→ **DIRECTIONS FOR THIS TASK**:
With the pictures omitted, transcribe each line below exactly as it is.

→ **DATASET CONTENT**:
# # # # #

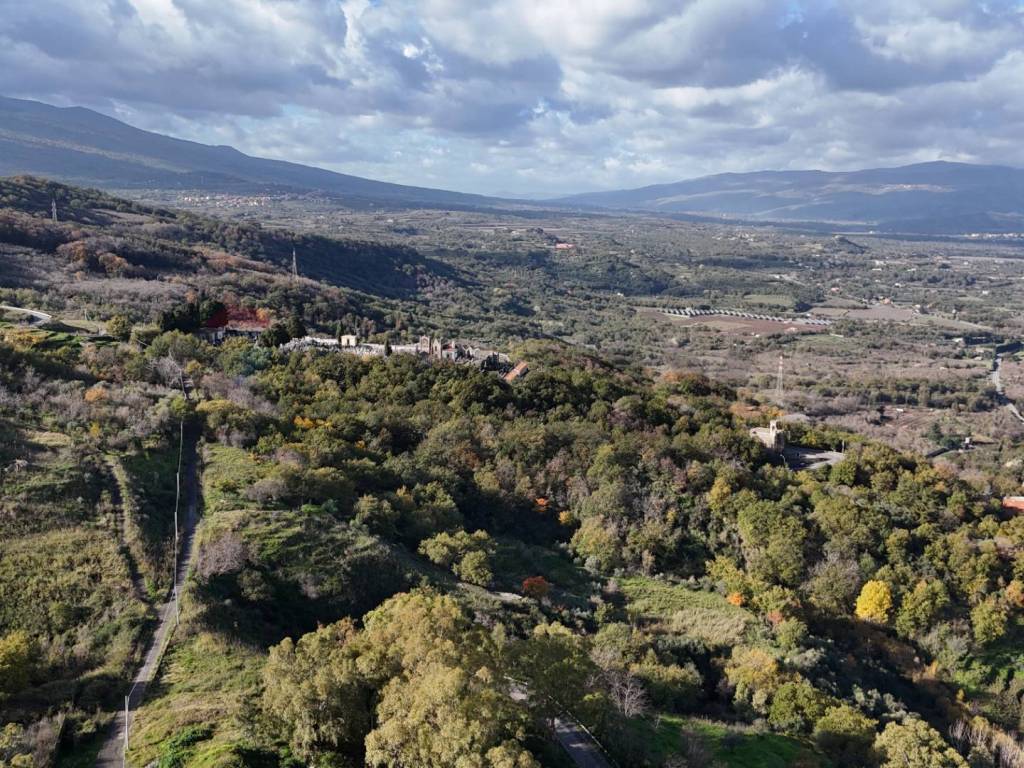 Terreno a Castiglione di sicilia in via marconi - Foto 4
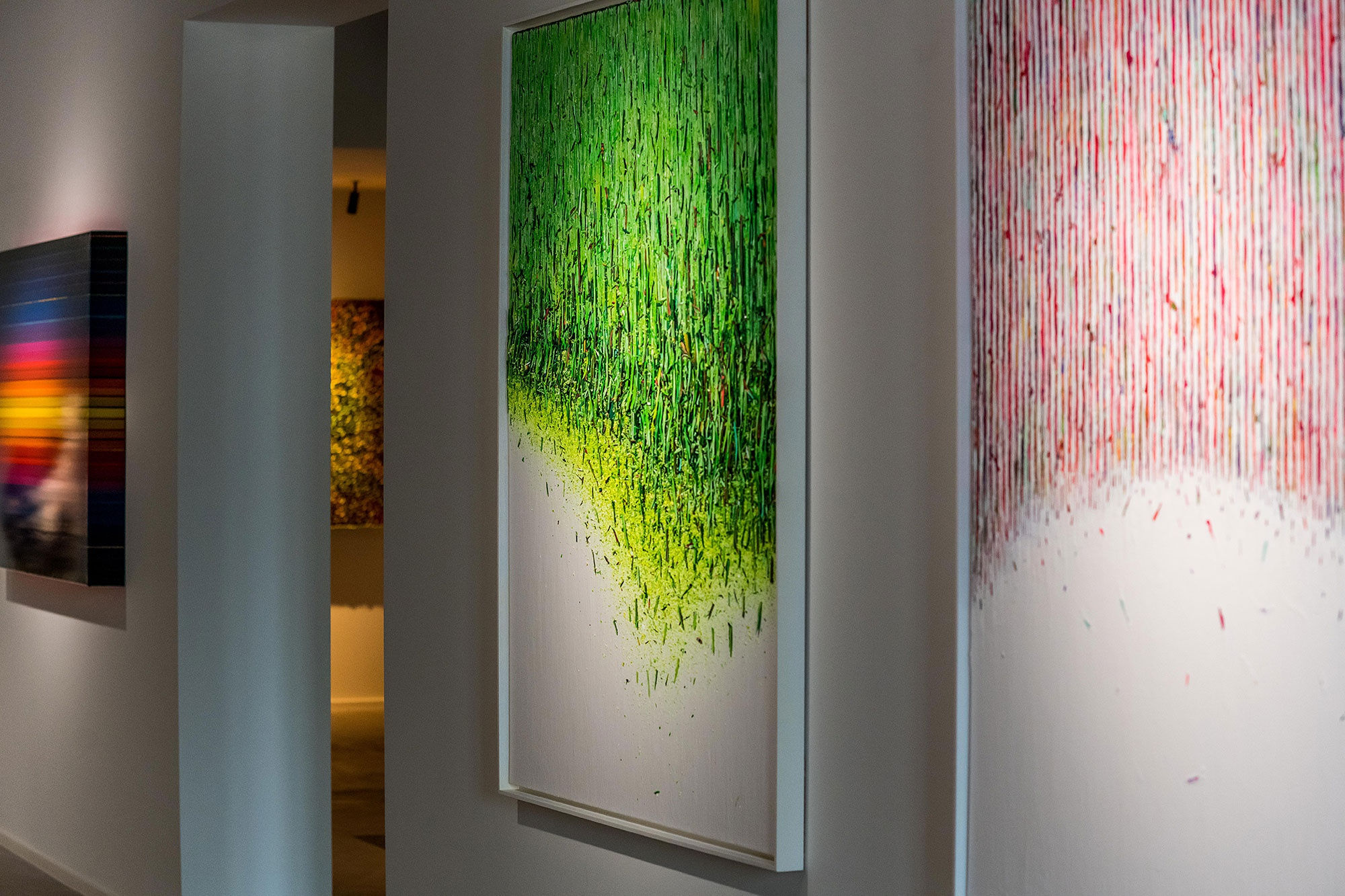 MIXED ARTISTS: IN FULL COLOR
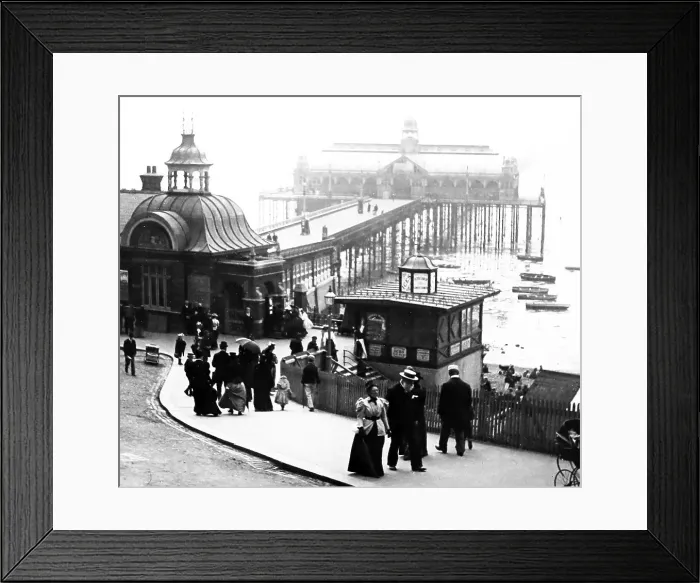 Framed Print : Southend Pier Framed Print : Southend Pier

# # # # #

→ **EXERCISE RESPONSE**:
 Terreno a Castiglione di sicilia in via marconi - Foto 4
 MIXED ARTISTS: IN FULL COLOR
 Framed Print : Southend Pier Framed Print : Southend Pier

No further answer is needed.